* What to work on *
Write out exactly the lines below that run from the one containing "Zéphyr participe au" through the one containing "Image by 1988467 from Pixabay", both included, with no other lines.

* Records provided *
---
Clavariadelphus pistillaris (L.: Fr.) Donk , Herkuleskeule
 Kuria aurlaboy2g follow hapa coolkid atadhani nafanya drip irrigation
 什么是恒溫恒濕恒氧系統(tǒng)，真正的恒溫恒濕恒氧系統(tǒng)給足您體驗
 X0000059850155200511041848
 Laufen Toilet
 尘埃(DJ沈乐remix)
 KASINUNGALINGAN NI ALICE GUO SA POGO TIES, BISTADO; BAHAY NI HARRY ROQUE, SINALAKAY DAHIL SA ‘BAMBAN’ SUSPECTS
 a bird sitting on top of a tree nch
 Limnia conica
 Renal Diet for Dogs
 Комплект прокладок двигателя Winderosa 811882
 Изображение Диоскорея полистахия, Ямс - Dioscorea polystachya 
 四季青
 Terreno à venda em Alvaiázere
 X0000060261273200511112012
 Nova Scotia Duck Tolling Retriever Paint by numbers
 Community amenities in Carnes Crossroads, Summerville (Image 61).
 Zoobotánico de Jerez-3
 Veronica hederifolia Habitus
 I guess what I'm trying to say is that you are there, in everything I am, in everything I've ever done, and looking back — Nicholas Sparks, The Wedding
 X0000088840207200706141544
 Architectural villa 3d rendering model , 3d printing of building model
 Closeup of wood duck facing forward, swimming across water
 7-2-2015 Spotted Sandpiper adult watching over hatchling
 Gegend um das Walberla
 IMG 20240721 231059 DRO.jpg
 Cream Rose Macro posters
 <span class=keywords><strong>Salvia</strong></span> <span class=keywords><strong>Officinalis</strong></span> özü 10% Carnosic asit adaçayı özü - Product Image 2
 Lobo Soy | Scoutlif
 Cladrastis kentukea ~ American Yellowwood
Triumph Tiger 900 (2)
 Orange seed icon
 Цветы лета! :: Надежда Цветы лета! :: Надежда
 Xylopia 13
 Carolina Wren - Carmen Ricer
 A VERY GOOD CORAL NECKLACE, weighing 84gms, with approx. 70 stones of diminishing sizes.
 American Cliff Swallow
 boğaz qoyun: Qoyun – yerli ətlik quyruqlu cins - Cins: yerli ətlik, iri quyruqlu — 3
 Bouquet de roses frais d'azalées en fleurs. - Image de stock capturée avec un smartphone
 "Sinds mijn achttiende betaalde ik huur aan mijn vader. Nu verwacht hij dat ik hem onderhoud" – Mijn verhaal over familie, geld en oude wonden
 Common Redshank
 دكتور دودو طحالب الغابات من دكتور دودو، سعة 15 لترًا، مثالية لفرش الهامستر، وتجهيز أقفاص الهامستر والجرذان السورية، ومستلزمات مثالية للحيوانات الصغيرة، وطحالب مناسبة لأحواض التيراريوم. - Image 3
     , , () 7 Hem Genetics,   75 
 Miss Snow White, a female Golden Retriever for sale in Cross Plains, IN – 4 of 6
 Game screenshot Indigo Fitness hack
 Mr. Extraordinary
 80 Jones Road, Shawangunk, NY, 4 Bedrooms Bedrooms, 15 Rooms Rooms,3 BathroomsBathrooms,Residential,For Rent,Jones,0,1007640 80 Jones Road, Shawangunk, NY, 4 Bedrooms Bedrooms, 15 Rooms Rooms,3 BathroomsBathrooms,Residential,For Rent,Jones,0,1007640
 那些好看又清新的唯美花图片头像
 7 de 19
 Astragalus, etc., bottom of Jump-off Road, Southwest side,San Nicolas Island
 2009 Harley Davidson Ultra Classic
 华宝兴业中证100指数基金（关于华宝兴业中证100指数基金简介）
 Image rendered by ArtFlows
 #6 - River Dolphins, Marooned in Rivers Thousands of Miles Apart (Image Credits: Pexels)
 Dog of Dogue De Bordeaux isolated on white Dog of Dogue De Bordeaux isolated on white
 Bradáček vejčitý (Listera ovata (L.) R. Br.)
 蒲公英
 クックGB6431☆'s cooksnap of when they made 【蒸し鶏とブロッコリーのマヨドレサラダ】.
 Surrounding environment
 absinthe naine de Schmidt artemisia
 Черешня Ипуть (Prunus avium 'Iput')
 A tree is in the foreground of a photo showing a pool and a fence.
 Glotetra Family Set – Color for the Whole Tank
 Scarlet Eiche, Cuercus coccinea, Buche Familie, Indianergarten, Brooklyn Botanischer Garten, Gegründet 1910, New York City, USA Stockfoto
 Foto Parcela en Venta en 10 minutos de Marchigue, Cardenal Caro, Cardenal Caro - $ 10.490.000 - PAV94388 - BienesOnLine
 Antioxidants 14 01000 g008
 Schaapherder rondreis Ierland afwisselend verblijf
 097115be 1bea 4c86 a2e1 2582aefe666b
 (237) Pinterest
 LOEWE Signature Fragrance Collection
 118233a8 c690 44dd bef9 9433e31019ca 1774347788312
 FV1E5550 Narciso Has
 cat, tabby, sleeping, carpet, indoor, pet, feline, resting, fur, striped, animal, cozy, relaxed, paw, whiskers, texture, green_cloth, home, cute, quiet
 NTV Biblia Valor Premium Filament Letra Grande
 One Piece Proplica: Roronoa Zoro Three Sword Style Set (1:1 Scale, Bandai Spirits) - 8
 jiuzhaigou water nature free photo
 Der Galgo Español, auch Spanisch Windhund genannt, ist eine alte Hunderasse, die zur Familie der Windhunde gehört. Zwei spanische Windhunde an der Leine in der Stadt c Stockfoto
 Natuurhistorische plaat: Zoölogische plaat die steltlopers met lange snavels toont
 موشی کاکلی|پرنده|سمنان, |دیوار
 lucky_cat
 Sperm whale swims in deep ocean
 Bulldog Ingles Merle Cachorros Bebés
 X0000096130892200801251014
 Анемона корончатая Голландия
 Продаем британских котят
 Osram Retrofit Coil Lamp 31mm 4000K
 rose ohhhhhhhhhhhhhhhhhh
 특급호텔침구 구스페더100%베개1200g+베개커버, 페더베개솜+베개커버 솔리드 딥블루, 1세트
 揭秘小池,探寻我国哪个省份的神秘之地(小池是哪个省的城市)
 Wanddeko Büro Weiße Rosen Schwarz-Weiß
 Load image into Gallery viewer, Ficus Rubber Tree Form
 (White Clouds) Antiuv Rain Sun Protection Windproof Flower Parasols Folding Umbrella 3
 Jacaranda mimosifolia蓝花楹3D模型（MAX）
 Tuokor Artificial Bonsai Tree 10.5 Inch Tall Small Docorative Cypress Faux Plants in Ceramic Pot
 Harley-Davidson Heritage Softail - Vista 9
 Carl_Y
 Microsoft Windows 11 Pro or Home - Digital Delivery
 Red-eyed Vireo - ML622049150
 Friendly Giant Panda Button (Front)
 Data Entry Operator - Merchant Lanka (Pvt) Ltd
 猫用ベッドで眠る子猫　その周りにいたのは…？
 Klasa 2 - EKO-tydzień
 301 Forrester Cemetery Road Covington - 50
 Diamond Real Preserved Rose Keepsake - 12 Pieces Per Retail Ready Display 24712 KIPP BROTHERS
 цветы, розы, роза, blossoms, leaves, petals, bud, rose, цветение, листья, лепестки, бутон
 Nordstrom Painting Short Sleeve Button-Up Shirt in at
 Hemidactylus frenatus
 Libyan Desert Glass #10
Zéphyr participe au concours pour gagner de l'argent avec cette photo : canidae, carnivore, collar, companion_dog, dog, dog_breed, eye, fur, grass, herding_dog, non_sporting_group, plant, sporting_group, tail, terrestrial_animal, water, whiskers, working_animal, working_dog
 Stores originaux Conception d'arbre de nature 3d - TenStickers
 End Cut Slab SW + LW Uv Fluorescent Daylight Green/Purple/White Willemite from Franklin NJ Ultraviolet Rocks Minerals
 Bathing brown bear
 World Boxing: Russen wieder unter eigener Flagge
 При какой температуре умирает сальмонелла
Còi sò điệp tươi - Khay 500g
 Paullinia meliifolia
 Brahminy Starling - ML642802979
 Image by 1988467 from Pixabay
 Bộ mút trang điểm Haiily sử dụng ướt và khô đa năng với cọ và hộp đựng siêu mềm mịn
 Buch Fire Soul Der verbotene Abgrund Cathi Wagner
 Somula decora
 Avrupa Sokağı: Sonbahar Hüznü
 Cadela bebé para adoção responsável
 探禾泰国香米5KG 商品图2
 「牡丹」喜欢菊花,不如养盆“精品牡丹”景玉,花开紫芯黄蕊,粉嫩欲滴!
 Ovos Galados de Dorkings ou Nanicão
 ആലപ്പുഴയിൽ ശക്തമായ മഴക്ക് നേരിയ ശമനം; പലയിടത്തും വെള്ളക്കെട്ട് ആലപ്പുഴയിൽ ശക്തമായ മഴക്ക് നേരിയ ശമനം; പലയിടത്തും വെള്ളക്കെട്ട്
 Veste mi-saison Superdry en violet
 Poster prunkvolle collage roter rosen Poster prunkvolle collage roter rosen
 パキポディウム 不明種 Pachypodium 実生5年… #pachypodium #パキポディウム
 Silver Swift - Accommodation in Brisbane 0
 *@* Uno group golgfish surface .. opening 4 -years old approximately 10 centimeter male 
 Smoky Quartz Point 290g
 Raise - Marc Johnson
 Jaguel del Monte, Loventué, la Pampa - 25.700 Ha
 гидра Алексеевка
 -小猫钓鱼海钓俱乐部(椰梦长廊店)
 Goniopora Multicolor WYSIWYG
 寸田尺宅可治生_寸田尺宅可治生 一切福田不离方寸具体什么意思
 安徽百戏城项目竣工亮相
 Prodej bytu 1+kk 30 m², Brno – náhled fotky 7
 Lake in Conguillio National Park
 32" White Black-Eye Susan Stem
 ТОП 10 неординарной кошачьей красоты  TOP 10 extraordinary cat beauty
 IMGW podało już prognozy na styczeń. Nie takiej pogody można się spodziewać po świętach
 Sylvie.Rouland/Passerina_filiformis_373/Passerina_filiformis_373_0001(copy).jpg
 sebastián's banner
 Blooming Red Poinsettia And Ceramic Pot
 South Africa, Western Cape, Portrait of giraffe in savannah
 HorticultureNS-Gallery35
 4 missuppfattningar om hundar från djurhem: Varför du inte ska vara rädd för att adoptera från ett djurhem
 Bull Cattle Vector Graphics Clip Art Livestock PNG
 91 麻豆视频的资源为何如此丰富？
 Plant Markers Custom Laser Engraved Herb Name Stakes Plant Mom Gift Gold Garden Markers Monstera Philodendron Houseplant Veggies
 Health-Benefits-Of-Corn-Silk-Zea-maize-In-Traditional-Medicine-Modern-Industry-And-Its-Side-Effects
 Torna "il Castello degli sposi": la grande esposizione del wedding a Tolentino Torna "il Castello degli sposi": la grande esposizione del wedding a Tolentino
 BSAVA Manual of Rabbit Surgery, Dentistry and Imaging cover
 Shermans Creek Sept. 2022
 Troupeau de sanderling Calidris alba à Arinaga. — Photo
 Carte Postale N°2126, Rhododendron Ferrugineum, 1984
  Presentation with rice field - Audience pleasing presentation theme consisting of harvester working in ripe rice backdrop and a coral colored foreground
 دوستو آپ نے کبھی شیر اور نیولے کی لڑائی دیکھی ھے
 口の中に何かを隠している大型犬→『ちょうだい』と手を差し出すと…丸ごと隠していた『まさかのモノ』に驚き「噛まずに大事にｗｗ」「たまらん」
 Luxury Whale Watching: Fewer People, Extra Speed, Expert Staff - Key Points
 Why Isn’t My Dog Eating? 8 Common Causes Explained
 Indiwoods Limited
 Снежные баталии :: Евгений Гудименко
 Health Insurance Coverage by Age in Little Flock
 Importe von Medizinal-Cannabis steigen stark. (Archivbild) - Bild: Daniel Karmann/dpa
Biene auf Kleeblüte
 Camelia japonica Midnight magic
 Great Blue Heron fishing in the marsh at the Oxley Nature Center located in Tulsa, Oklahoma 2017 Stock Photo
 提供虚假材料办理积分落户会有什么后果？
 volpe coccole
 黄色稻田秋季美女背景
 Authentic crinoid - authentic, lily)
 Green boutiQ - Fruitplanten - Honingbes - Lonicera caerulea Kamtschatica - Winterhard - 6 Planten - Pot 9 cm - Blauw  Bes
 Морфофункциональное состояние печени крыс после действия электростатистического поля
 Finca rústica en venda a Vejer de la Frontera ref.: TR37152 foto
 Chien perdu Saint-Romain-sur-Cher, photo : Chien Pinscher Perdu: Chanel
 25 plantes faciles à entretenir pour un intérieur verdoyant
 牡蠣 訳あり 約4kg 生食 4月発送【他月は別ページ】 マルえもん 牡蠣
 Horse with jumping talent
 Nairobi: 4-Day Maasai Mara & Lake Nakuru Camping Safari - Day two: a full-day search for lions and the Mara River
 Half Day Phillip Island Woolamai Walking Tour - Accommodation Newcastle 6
---
* Task solution *
Zéphyr participe au concours pour gagner de l'argent avec cette photo : canidae, carnivore, collar, companion_dog, dog, dog_breed, eye, fur, grass, herding_dog, non_sporting_group, plant, sporting_group, tail, terrestrial_animal, water, whiskers, working_animal, working_dog
 Stores originaux Conception d'arbre de nature 3d - TenStickers
 End Cut Slab SW + LW Uv Fluorescent Daylight Green/Purple/White Willemite from Franklin NJ Ultraviolet Rocks Minerals
 Bathing brown bear
 World Boxing: Russen wieder unter eigener Flagge
 При какой температуре умирает сальмонелла
Còi sò điệp tươi - Khay 500g
 Paullinia meliifolia
 Brahminy Starling - ML642802979
 Image by 1988467 from Pixabay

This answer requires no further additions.